Image result for Bob Dylan - Little Drummer Boy

 

In 2009, Bob Dylan released his thirty-fourth studio album, Christmas in the Heart, a holiday album for which all the proceeds went to feeding America. Watch the official music video for the holiday classic “Little Drummer” now.

Christmas in the Heart is the 34th studio album and first Christmas album by American singer-songwriter Bob Dylan, released on October 13, 2009 by Columbia Records. The album comprises a collection of hymnscarols, and popular Christmas songs. All Dylan’s royalties from the sale of this album benefited the charities Feeding America in the USA, Crisis in the UK, and the World Food Programme.[1]

Dylan said that, although he was born and raised Jewish (he converted to Christianity in the late 1970s before returning to observing Judaism[2]), he never felt left out of Christmas during his childhood in Minnesota. Regarding the popularity of Christmas music, he said, “… it’s so worldwide and everybody can relate to it in their own way.”[3]

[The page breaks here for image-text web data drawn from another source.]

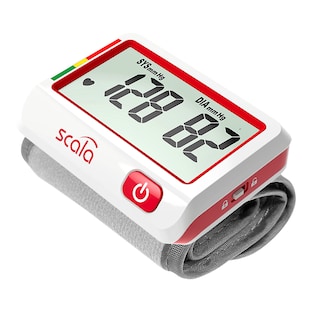 Polsbloeddrukmeter 'SC 6027'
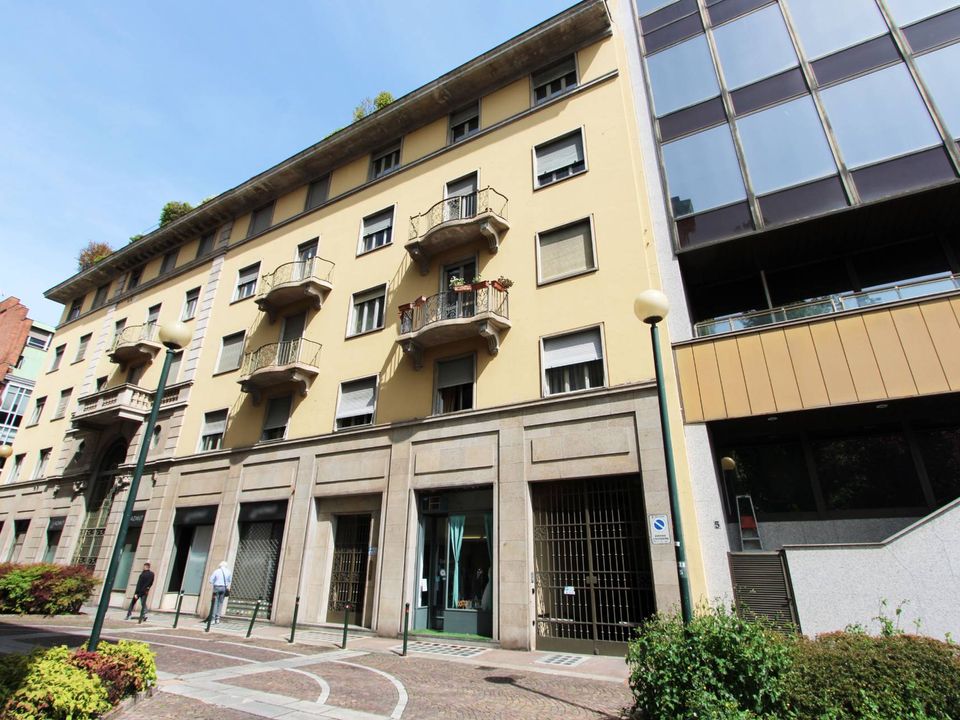 Erhvervsejendom i Torino, Turin - foto 2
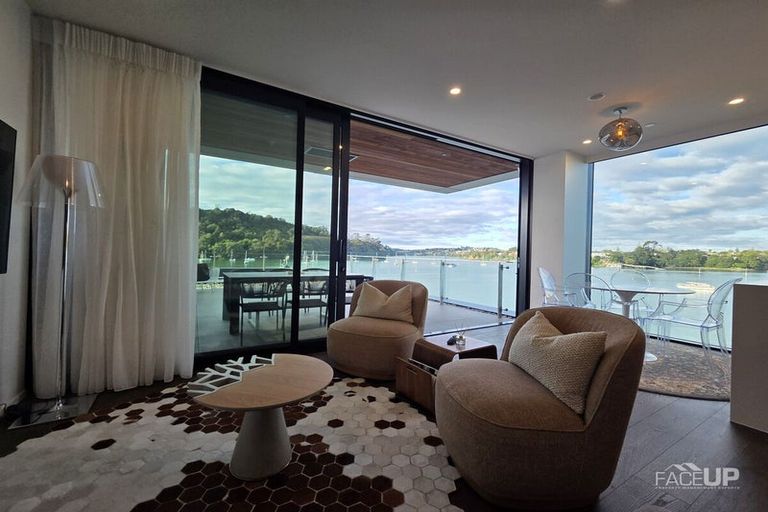 Photo of property in 401/6 Boundary Road, Hobsonville, Auckland, 0616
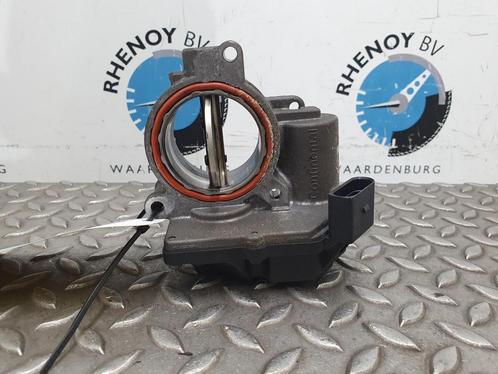 VOLKSWAGEN TOUAREG 4.2 V8 TDI [THROTTLE_BODY] 2014, Auto-onderdelen, Overige Auto-onderdelen, Gebruikt, ARN erkend, Stiba lid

The album opened at  No.  1 on Billboard’s Holiday and Billboard’s Folk Album Chart,  No.  10 on Rock Album charts and  No.  23 on overall album charts.

Recording

The album was recorded in a Santa Monica studio owned by Jackson Browne.

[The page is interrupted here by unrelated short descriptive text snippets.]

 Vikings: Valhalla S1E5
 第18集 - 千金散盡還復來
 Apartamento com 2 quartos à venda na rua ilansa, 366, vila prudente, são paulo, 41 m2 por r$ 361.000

In an interview published by Street News Service, journalist Bill Flanagan asked Dylan why he had performed the songs in a straightforward style, and Dylan responded:

There wasn’t any other way to play it. These songs are part of my life, just like folk songs. You have to play them straight too.

When Flanagan reported that some critics thought the album was an ironic treatment of Christmas songs, Dylan responded:

Critics like that are on the outside looking in. They are definitely not fans or the audience that I play to. They would have no gut level understanding of me and my work, what I can and can’t do—the scope of it all. Even at this point in time they still don’t know what to make of me.[4]

Release and promotion

Dylan released a music video for the song “Must Be Santa” directed by Nash Edgerton. In the video, Dylan and some other people are having a Christmas house party, until two of the guests start fighting and smashing things around and one of them running away. In the closing scene, we see Dylan and Santa Claus.[5]

A music video was also released for the song “Little Drummer Boy” directed by Jeff Scher.

A music video ecard[6] was also released for the song “Must Be Santa”.

Reception

Professional ratings
Aggregate scores
Source Rating
Metacritic 62/100[7]
Review scores
Source Rating
Allmusic 3/5 stars [8]
The A.V. Club B−[9]
Robert Christgau (1-star Honorable Mention)[10]
The Guardian 4/5 stars [11]
Paste 7.5/10 [12]
Pitchfork Media 6.8/10[13]
PopMatters 7/10 stars [14]
Rolling Stone 3/5 stars[15]
Slant Magazine 4/5 stars [16]
Tiny Mix Tapes 4/5 stars [17]

At Metacritic, the album currently holds a score of 62 out of 100 based on 17 reviews, indicating generally favorable reviews.[18]

While the unexpected move by Dylan to record a Christmas album was received with skepticism at first, the outcome of the project was lauded by critics for bringing a fresh breath of air into these classics.[19]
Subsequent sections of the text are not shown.